Before I get into the main focus of this post, I’d like to talk about a strange graphical priority issue in Golden Sun for the GBA. An issue report brought this to my attention, and my initial look into it yielded some puzzling results. On one of the background layers, there were graphics meant to be displayed above the character sprites. That’s all well and good, but the same layer also contained a carpet that was meant to be displayed below the characters! Since each layer can only have a single priority value, this didn’t seem to make any sense. And yet, on actual hardware it worked! NooDS was rendering the carpet above the characters, which hurts my brain to look at. NO$GBA has the same issue, so GBATEK wasn’t much help here. I let the issue sit for a while and worked on other things, until fleroviux, creator of NanoboyAdvance, chimed in with some incredibly helpful information. Basically, the GBA has a weird quirk where transparent objects can still update the priority of a pixel, even though they don’t update the color value. I had to rework my object rendering a bit for this (I previously had each object priority level as a separate layer, which wouldn’t allow changing the priority of an existing pixel), but I managed to get it working and even got a bit of a speed boost from the refactor! Everything looked good until I noticed new priority issues on the title screen of Mario & Luigi: Partners in Time. I was worried that I messed something up, but after looking at how that game renders its graphics, it only made sense for this issue to occur. So why doesn’t it on hardware? I had assumed that since the GBA and DS have near-identical 2D engines, the quirk must apply to both. However, I started doubting this, and after loading up Golden Sun in GBARunner2 to see if the game’s quirk exploitation would work in DS mode, I confirmed that it is, in fact, unique to the GBA. This isn’t a revolutionary discovery by any means, but I certainly found it interesting.

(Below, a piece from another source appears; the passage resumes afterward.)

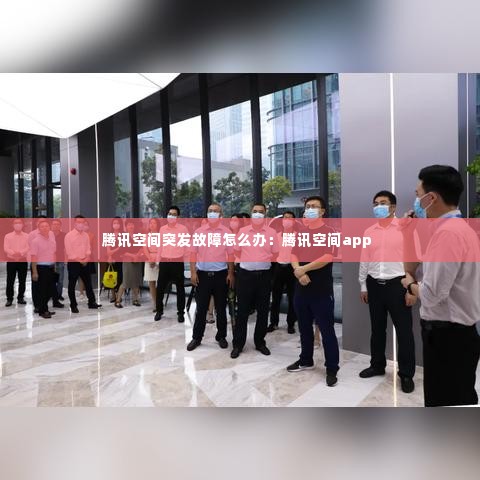 腾讯空间突发故障怎么办：腾讯空间app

So, now let’s talk about that bug I mentioned in the beginning. If you’ve been reading my previous progress posts, you might know that Mario Kart DS and the DS Zelda games have managed to stay unbootable on NooDS for a long time. Mario Kart just ended up needing misaligned memory accesses handled properly, but the Zelda games continued to leave me stumped. They were getting stuck in a code loop, but they passed through that loop hundreds of times before actually getting stuck, making it pretty hard to debug. Eventually I enlisted the help of melonDS; I made it spit out debug information that I could directly compare to what I had NooDS spitting out. After a lot of searching and backtracking, I finally found a load instruction that was getting a different value on NooDS than it was on melonDS. I tracked writes to that memory address, and found that the value the game expects is put there by a cartridge DMA transfer, but it’s overwritten by another transfer before being accessed by the code. My first thought was that it must be a timing issue, so I threw a quick hack together to delay cartridge reads. This did manage to make the games boot, but I was a little disappointed because it meant that I’d need to set up that scheduler in order to implement a proper fix (which I’ve still been putting off, bleh). I was later talking about it with Arisotura, who mentioned that for a long time DeSmuME didn’t have cartridge timing either. I thought that was a little strange; if the issue really was timing, then the Zelda games shouldn’t have worked on DeSmuME either. PSISP also told me that he didn’t experience any timing issues with the Zelda games when he was working on CorgiDS. I started to doubt my conclusion, so I looked into it deeper.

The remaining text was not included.